1. Excessive commercialization of Christmas.
More and more people get depressed at Christmas and even angry because of the excessive commercialization of Christmas, with the focus on gifts and the emphasis on “perfect” social activities and not on the true meaning behind Christmas.
2. Unrealistic expectations.
Hoping for a picture-perfect White Christmas holiday is setting you up for not only disappointment, but potentially depression. People are dreaming to have Christmas а holiday like we watch on the movies. Actually, it’s never exactly as people expect and it’s often disappointing. It’s important to manage your expectations during the holidays and not hope for all things to be perfect.

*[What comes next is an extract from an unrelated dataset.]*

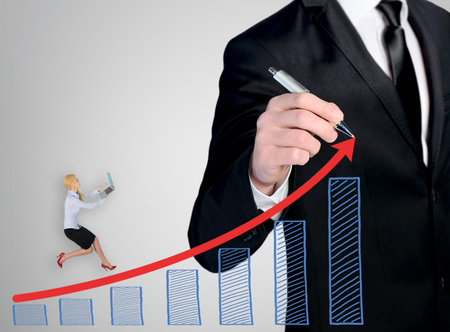 Business man close-up write success chartの写真素材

We live in a materialistic world, and this is probably never more obvious than at Christmas season. Not being able to afford gifts, decorations, a nice meal or the latest gadgets, for those who have very little money, Christmas season can be really difficult time of the year.
4. Painful memories.
For many people, Christmas season brings back painful memories. Many people feel very lonely at Christmas, because they have suffered the loss of loved ones or their jobs. If you’ve had a difficult life, this is often the time when you most feel it. How do live with these memories? Is it possible to find ways to cope with them or make new, better memories? Read more on this topic here.
If you tend to start feeling down when winter approaches each year, and those negative feelings don’t go away after the holidays are over, you may have Seasonal Affective Disorder (SAD).
Many people who think they are suffering from a case of holiday blues may actually be suffering from SAD, a form of depression that’s brought on by the change of seasons.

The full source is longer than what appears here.